Homelessness has tended to stereotype: a scruffy patron of the sidewalk, an alcoholic or a drug addict, begging for change – and, notably, male. None of this describes Begoray, which is why women like her may fall through the cracks of a system designed to treat the chronically homeless. Begoray doesn’t have a serious mental illness or an addiction, which might have helped her queue-jump into certain programs. She wasn’t fleeing a violent relationship – as are many women who find themselves homeless – so she couldn’t go to a women’s shelter, most of which, especially in cities, are already overloaded with families. And she’s single, when priority for affordable housing goes to mothers with children, though even they may have to wait years to get it.
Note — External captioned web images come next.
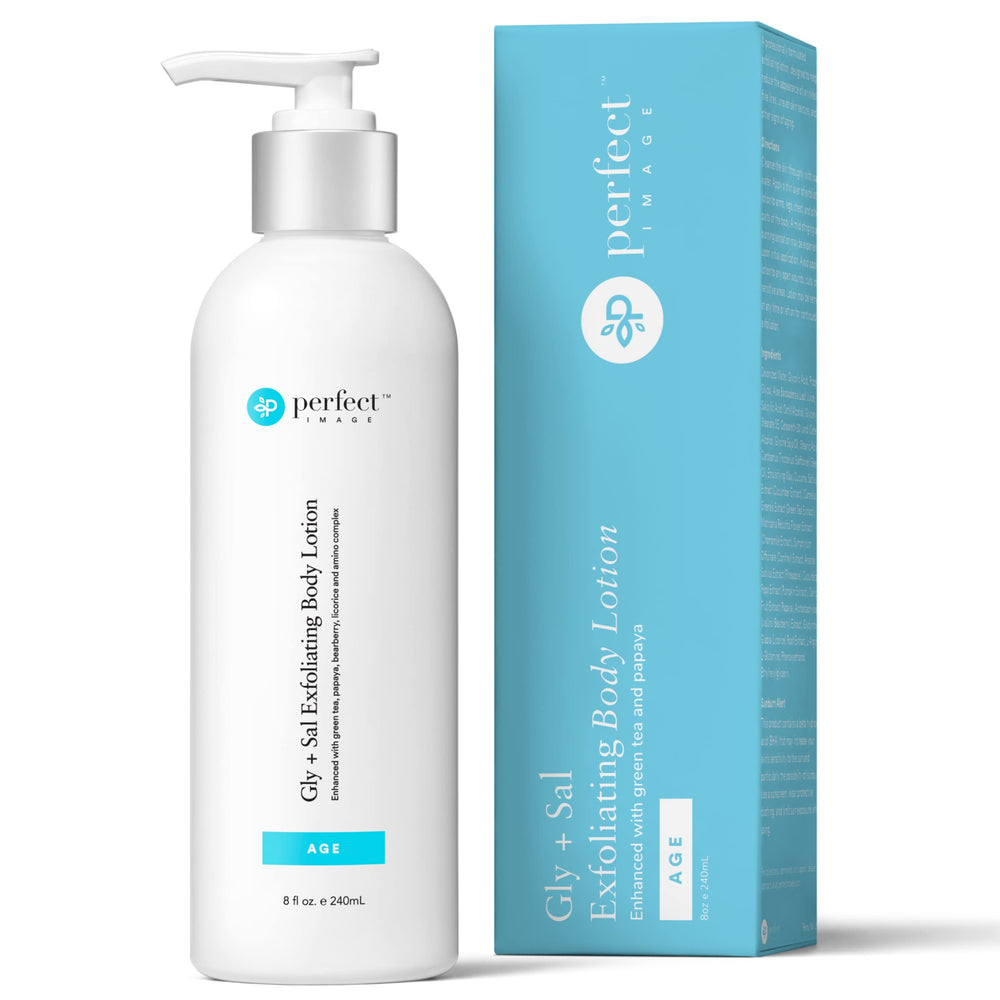 Perfect Image Gly-Sal lotion corps exfoliante sur peau lisse et hydratée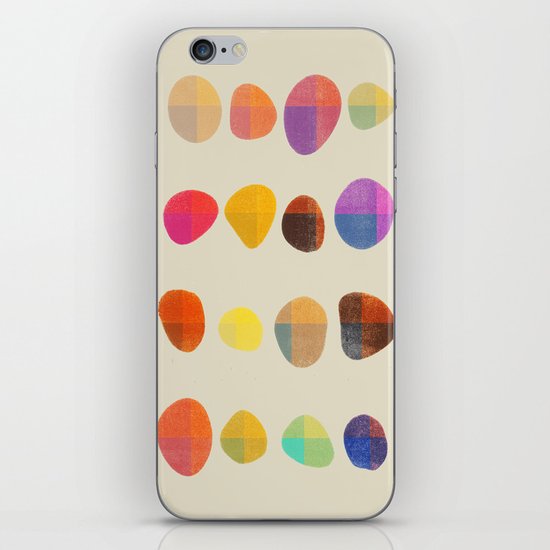 Painted Pebbles 4 iPhone & iPod Skin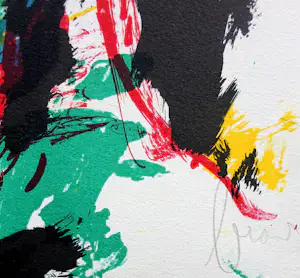 Eugène Brands - Litho: abstracte compositie - 1968 kopen? Bied vanaf 225!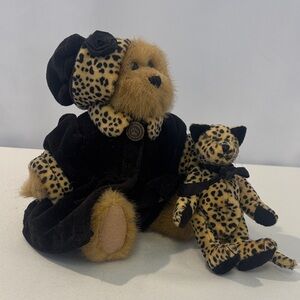 Boyds Bears Black and Leopard Plush Toy Duo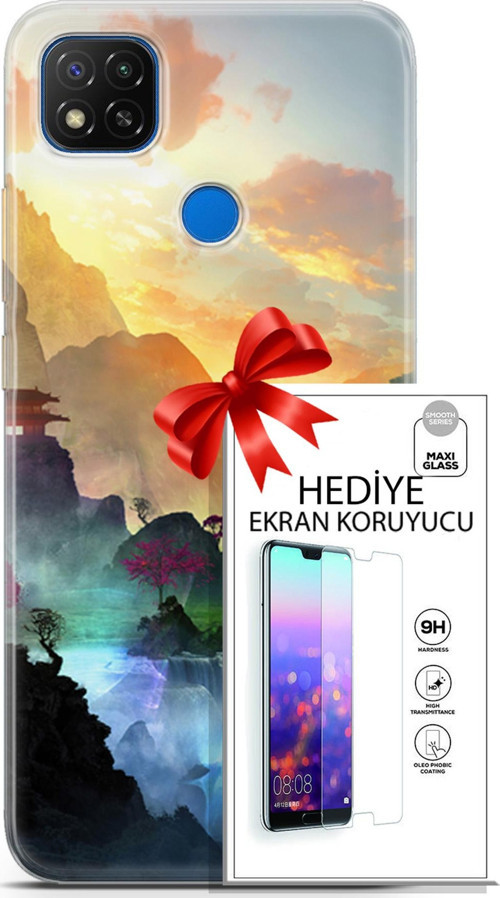 Xiaomi Redmi 9C Kılıf Orijinal Seri Neo 06 Cyclops Koruyucu Kapak Ekran Koruyucu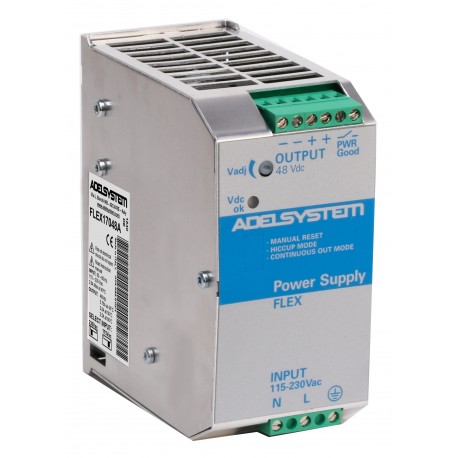 FLEX17048A ADELSYSTEM Alimentation (ligne industrielle) Entrée: 115-230Vac Sortie: 48V 3.8 A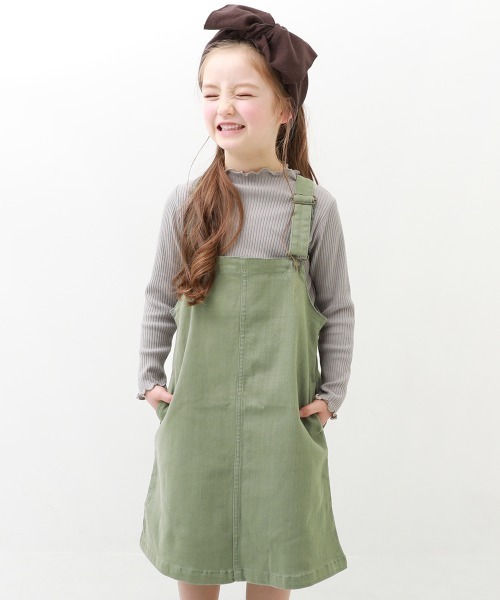 devirock(デビロック)の「ジャンパースカート(ジャンパースカート・キッズ・ネイビー/ブラック/ベージュ/カーキ/ブルー系その他・150cm/130cm/160cm/110cm/100cm/120cm/140cm)」の4枚目の写真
Roughly 200,000 Canadians end up homeless each year, according to the Mental Health Commission of Canada. But like other women who live in their cars, or couch-surf with friends, or are extending their stay in women’s shelters because they have nowhere else to go, Begoray may not be counted among those statistics – not unless the counters knocked on the window of her Jeep.
The money committed in last month’s federal budget is meant to bring those homeless numbers down, while also improving conditions for Canadians living in aged, dilapidated social-housing units, or searching fruitlessly for affordable rentals. After years of funding shortfalls, housing and homeless advocates cheered the news: Ottawa has promised to spend more than $11.2-billion. This includes money for a national housing fund, federal-provincial agreements, programs targeted to the homeless and housing money for northern and Indigenous Canadians on- and off-reserve. As well, Ottawa has promised to extend “baseline funding” for lease agreements that, between the Canada Mortgage and Housing Corporation and affordable-housing providers, were due to expire.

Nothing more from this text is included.